L’editorialista, partendo dai ben noti casi di Caterina Girasole e di Rosy Canale, fa un ragionamento anche condivisibile per quanto riguarda la cosiddetta “cultura della legalità”, espressione che di per sé non vuol dire nulla, ma sotto alla quale oramai ci si mette di tutto e di più, in ossequio ad una grandiosa tradizione tutta italiana.
Nel crescendo della vis polemica, però, Galli Della Loggia derubrica a mero folklore l’impegno di maestri e professori nella trasmissione degli anticorpi culturali che permettono ad un territorio di ribellarsi alle mafie. E lo confonde con quello che di solito viene mandato in onda nelle telecronache dei giornali.
Perché se è pur vero che ogni 23 maggio assistiamo davanti alle telecamere alla “carnevalata” di politici, portaborse, assistenti parlamentari e una fauna più o meno variopinta di gente a cui non frega una beneamata mazza di Falcone e Borsellino ma solo di fotografi e giornalisti, è anche vero che c’è una parte viva e forte che sfila in piazza e almeno dà un segnale che c’è ancora qualcuno disposto a metterci la faccia, nelle vie di Palermo, contro il Potere mafioso.

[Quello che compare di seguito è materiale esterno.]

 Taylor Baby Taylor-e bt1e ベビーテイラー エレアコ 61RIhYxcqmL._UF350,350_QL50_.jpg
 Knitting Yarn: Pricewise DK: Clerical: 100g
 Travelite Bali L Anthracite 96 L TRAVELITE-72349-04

Perché davvero non si può descrivere la faccia di Lor Signori, a bordo strada, palesemente contrari alla manifestazione, che però per almeno un giorno all’anno non possono spadroneggiare con la consueta arroganza e sgranano gli occhi di fronte ai tanti lenzuoli bianchi (simbolo della manifestazione) che sventolano dalle finestre e dai balconi.

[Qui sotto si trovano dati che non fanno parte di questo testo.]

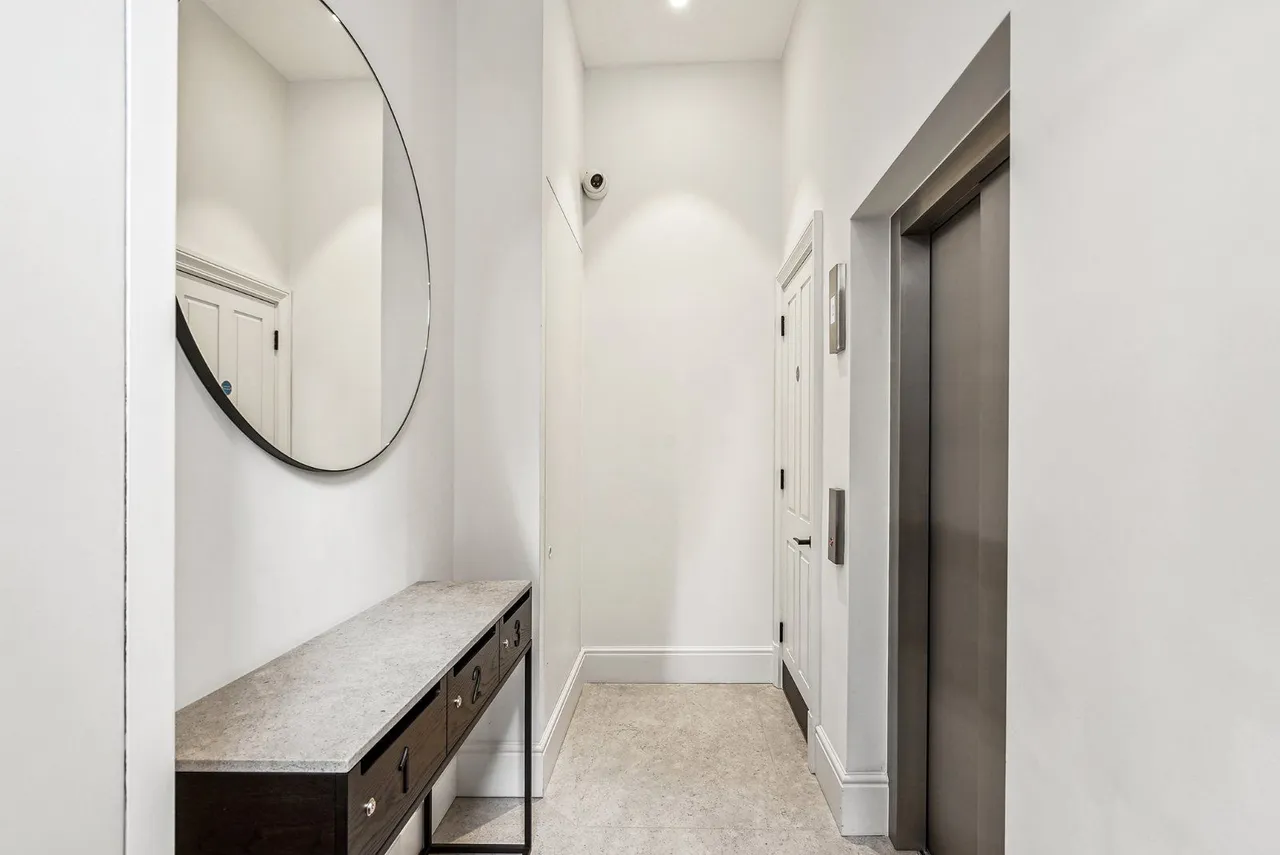 Elystan Place, Chelsea, London, SW3 3LA, photo 12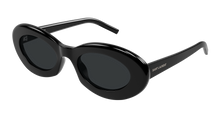Saint Laurent SL 594-008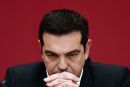Εκλογές: Η διάσπαση του ΣΥΡΙΖΑ φέρνει κάλπες-Τα επικρατέστερα σενάρια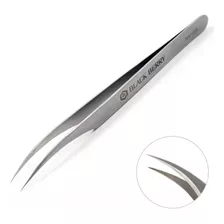 Pinza Para Extensiones De Pestañas Black Berry Sv-03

Può non servire a nulla, c’è sicuramente una retorica nauseante da parte di gente indecente, c’è chi non sa forse nemmeno perché è in manifestazione (o fa striscioni con citazioni attribuendole alle persone sbagliate), ma ogni lotta, per essere vinta, ha bisogno di simboli e il 23 maggio oramai è un simbolo contro il Potere mafioso.

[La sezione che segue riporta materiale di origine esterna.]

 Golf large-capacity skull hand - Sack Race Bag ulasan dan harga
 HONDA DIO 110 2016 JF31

Si può discutere su come cambiarlo, si può criticarne degli aspetti, ma io quella carnevalata la difendo: perché da quella massa unita di uomini, donne e giovani trasudano passione, coraggio e, soprattutto, speranza. Tre cose di cui oggi abbiamo bisogno come il pane, se non vogliamo dargliela vinta.
Certo, tutto questo non è sufficiente, perché se i giovani non si impadroniscono di ogni ramo del sapere, è ben difficile che possano lottare in maniera efficace. Del resto, lo diceva Caponnetto, “la mafia teme più la scuola della giustizia.” E un motivo pur ci sarà.